## THE TASK
An exact reproduction of the records is required. Images must be left out.

## MATERIAL PROVIDED
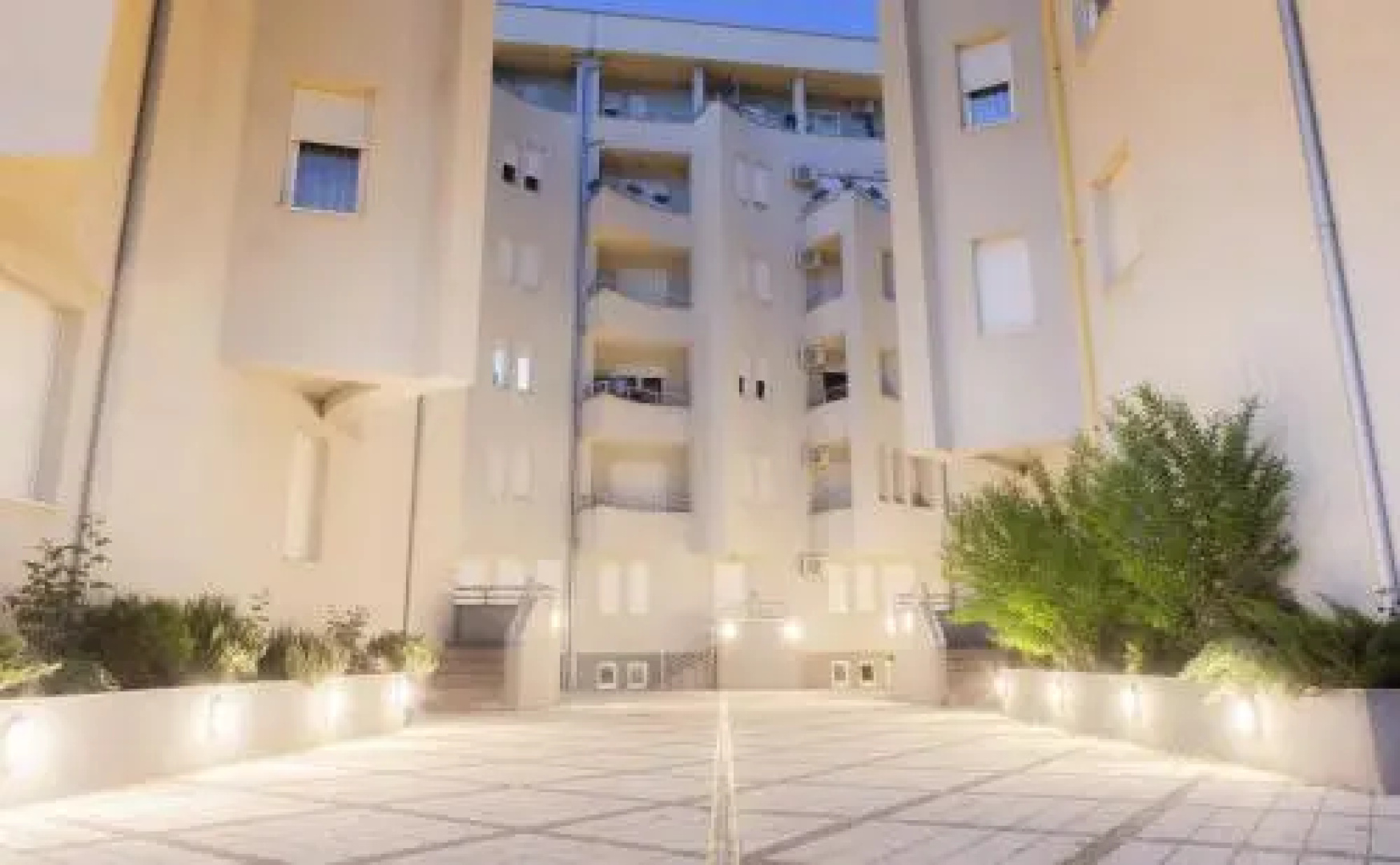 Wing Club Apartments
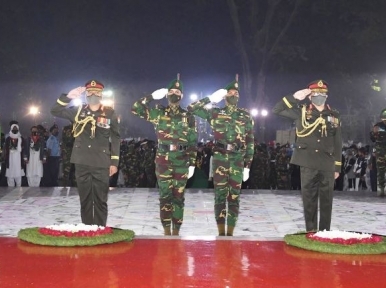 President, PM pay tributes to Language Movement martyrs at Shaheed Minar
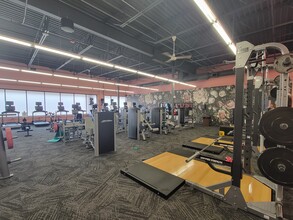 7541-7579 W 119th St, Overland Park, KS for lease Interior Photo- Image 2 of 7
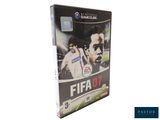un gros plan sur un boîtier de DVD sur lequel figure un match de football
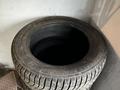 Комплект зимней резины за 50 000 тг. в Алтай – фото 2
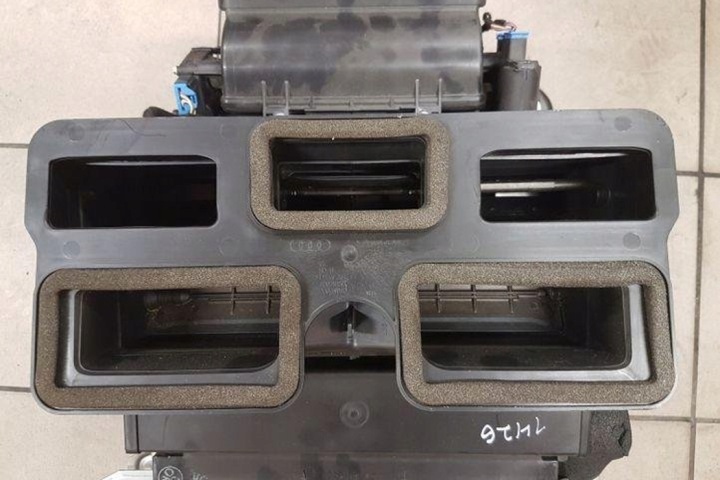 фото №10, Обігрівач audi a6 4f2, c6 4f0858431 2.0l бензин 125kw 2007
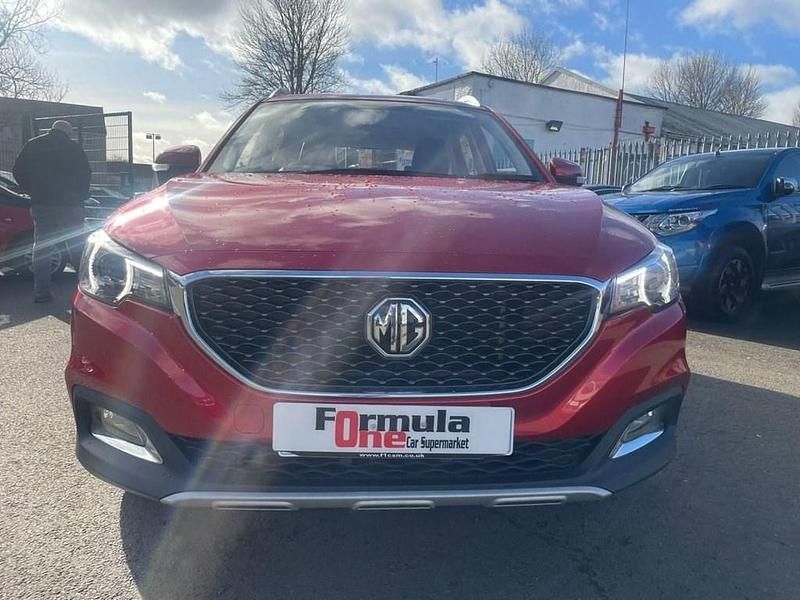 Used MG ZS Exclusive 105 HP (77 kW) 2020 Red Sedan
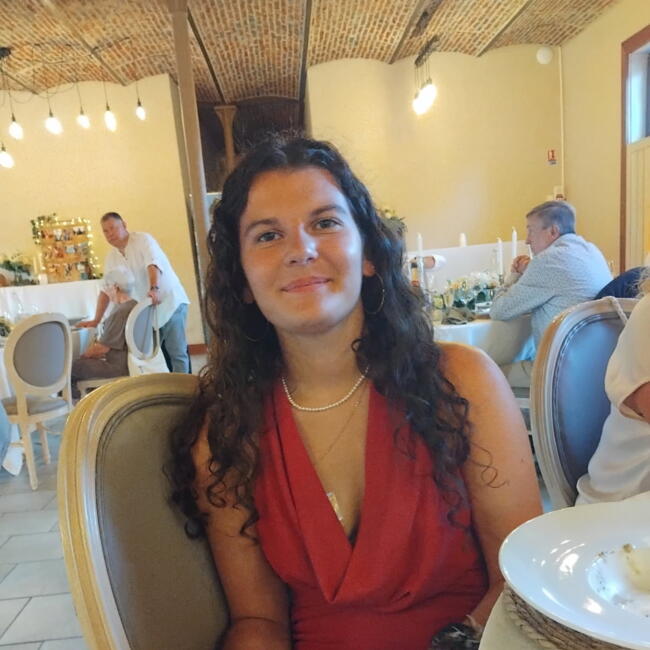 Babysitter in Tilloy-lès-Mofflaines: Zoé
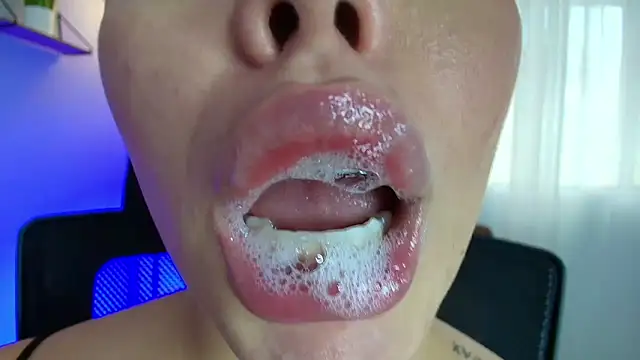 lisbet21x online show from February 19, 2025, 10:20 pm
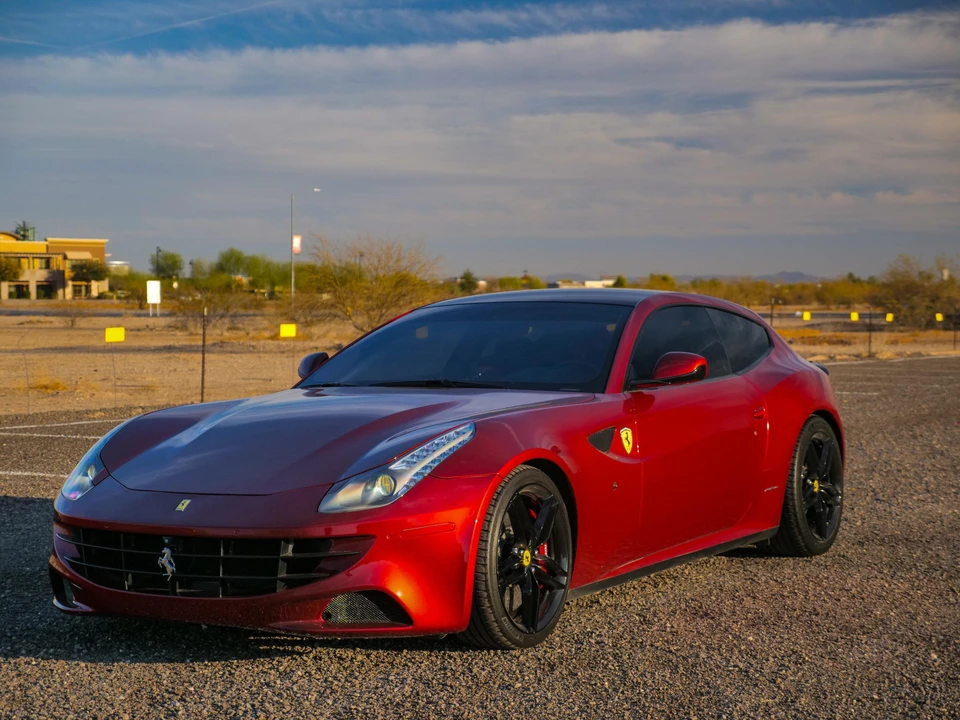 2012 Ferrari FF - Image 10 of 31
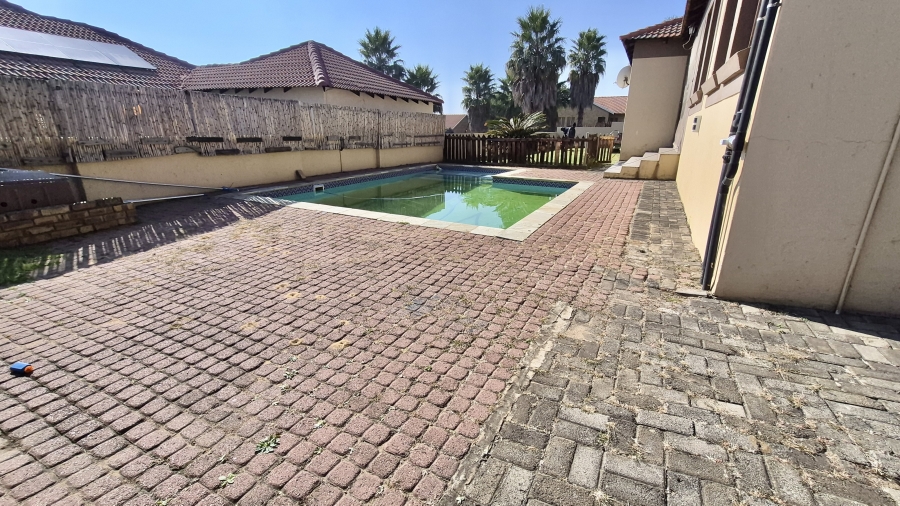 3 Bedroom Property for Sale in Model Park Mpumalanga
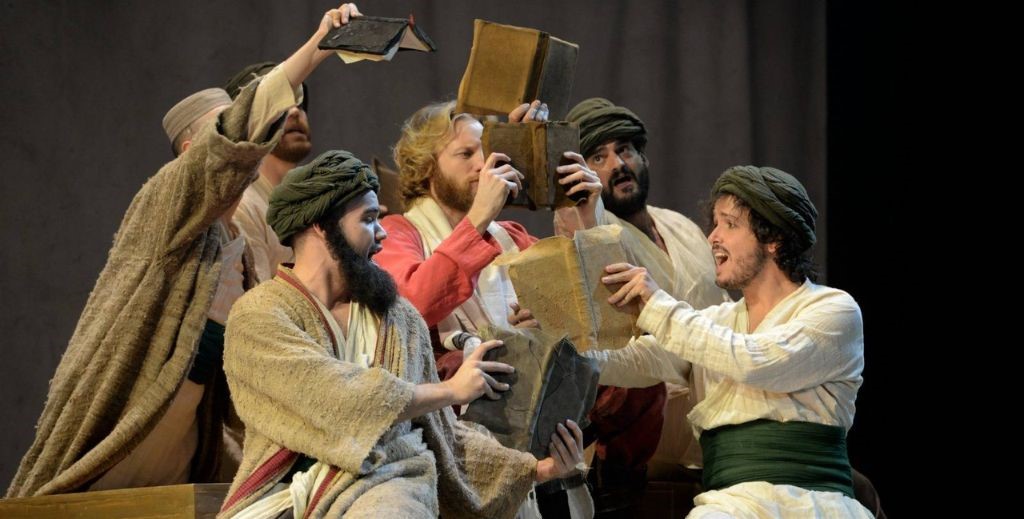 Musical El Médico - Mamá Tiene un Plan.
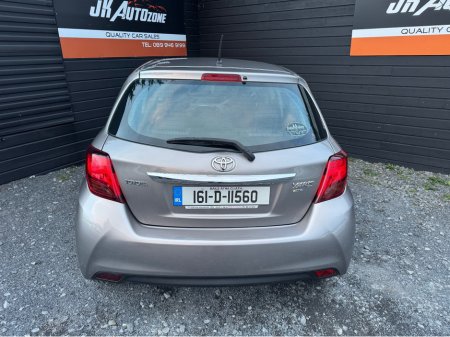 2016 Toyota Yaris - thumbnail 5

## WRITTEN SOLUTION
 Wing Club Apartments
 President, PM pay tributes to Language Movement martyrs at Shaheed Minar
 7541-7579 W 119th St, Overland Park, KS for lease Interior Photo- Image 2 of 7
un gros plan sur un boîtier de DVD sur lequel figure un match de football
 Комплект зимней резины за 50 000 тг. в Алтай – фото 2
 фото №10, Обігрівач audi a6 4f2, c6 4f0858431 2.0l бензин 125kw 2007
 Used MG ZS Exclusive 105 HP (77 kW) 2020 Red Sedan
 Babysitter in Tilloy-lès-Mofflaines: Zoé
 lisbet21x online show from February 19, 2025, 10:20 pm
 2012 Ferrari FF - Image 10 of 31
 3 Bedroom Property for Sale in Model Park Mpumalanga
 Musical El Médico - Mamá Tiene un Plan.
 2016 Toyota Yaris - thumbnail 5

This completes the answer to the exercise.